George Tribe

Personal information
- Full name: George Edward Tribe
- Born: 4 October 1920 Yarraville, Victoria, Australia
- Died: 5 April 2009 (aged 88)
- Height: 5 ft 7 in (1.70 m)
- Batting: Left-handed
- Bowling: Left-arm unorthodox spin
- Role: Bowler

International information
- National side: Australia;
- Test debut (cap 172): 29 November 1946 v England
- Last Test: 28 February 1947 v England

Domestic team information
- 1945/46–1946/47: Victoria
- 1951–1959: Northamptonshire

Career statistics
| Competition | Test | First-class |
| Matches | 3 | 308 |
| Runs scored | 35 | 10,177 |
| Batting average | 17.50 | 27.35 |
| 100s/50s | 0/0 | 7/48 |
| Top score | 25* | 136* |
| Balls bowled | 760 | 63,651 |
| Wickets | 2 | 1,378 |
| Bowling average | 165.00 | 20.55 |
| 5 wickets in innings | 0 | 93 |
| 10 wickets in match | 0 | 23 |
| Best bowling | 2/48 | 9/43 |
| Catches/stumpings | 0/– | 242/– |
- Source: CricketArchive, 8 April 2009

= George Tribe =

Australian sportsman

George Edward Tribe (4 October 1920 – 5 April 2009) was an Australian cricketer who played in three Test matches from 1946 to 1947, as well as an Australian rules footballer with the Footscray Football Club in the VFL.

==Cricket career==
Tribe played with great success for Victoria immediately after the Second World War, taking 86 wickets at 19.25 in just 13 games and playing in three Tests under Donald Bradman in the 1946–47 Ashes series. An all-rounder, he bowled slow left-arm orthodox and wrist-spin and batted doggedly as a left-hander, mostly at number six or seven, compiling 7 centuries in his first class career. Despite his prolific record in first-class cricket, he was unsuccessful during the series against England and was dropped from the national team. In the Fifth Test in Sydney Ray Lindwall took 109/9, but thought that Tribe had bowled better, but with no luck to return 153/0.

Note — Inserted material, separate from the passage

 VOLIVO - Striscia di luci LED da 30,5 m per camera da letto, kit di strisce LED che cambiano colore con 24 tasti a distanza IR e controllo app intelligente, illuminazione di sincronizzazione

After failing to achieve further recognition in Australia, Tribe moved to the Lancashire League in 1947. He joined Milnrow in the Central Lancashire League and took 136 scalps in his first season. He followed that performance with a record 148 wickets the following year and 150 in 1950, when he moved to Rawtenstall for two seasons. Although he never toured with Australia he took 99 wickets on a Commonwealth tour of India in 1949/50. An engineer by trade, he joined a Northamptonshire-based firm in 1951 and his prolific record saw Northamptonshire offer him terms for that season. He proved an immediate success and played for the county for nine seasons, achieving "the double" of 1,000 runs and 100 wickets in seven of those seasons. His value to Northamptonshire as the county moved from being one of the weakest teams to being serious challengers for the County Championship was immense. He was awarded his benefit in 1956.

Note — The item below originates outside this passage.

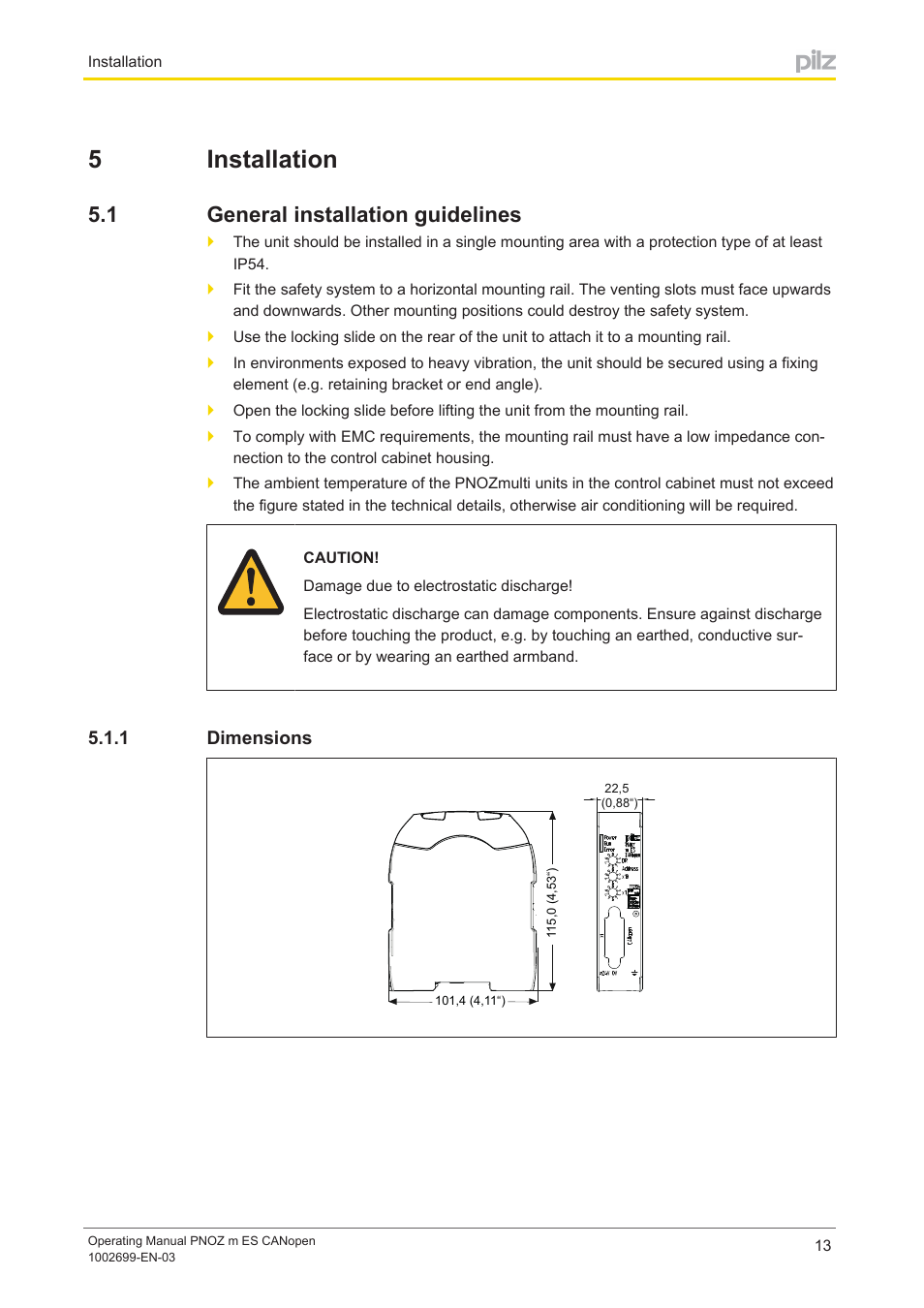 5 installation, 1 general installation guidelines, 1 dimensions | Section 5, Installation, General installation guidelines, Dimensions, 5installation | Pilz PNOZ m ES CANopen User Manual | Page 13 / 24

As of 2007, Tribe still holds the Northamptonshire record for best bowling in a first-class match, returning figures of 15–31 (made up of 7–22 and 8–9) against Yorkshire in 1958. He took a record 175 wickets for the county in 1955.

He was a Wisden Cricketer of the Year in 1955. At the time of his death he was the second oldest Australian Test cricketer and the eleventh oldest overall.

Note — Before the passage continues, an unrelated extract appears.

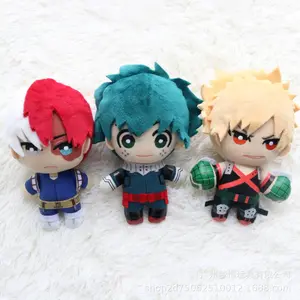 Anime Midoriya Izuku Bakugou Katsuki Todoroki Shoto Plush Keychain Figure Cosplay Cartoon Accessories Props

==Australian rules career==
In 1940 Tribe made his debut with the Footscray Football Club in the then-Victorian Football League. He played as a forward and was considered to be a dangerous goalkicker. He went on to play 66 games and kick 80 goals for Footscray before he playing his last game in 1946. He then returned to cricket with the Lancashire League in England.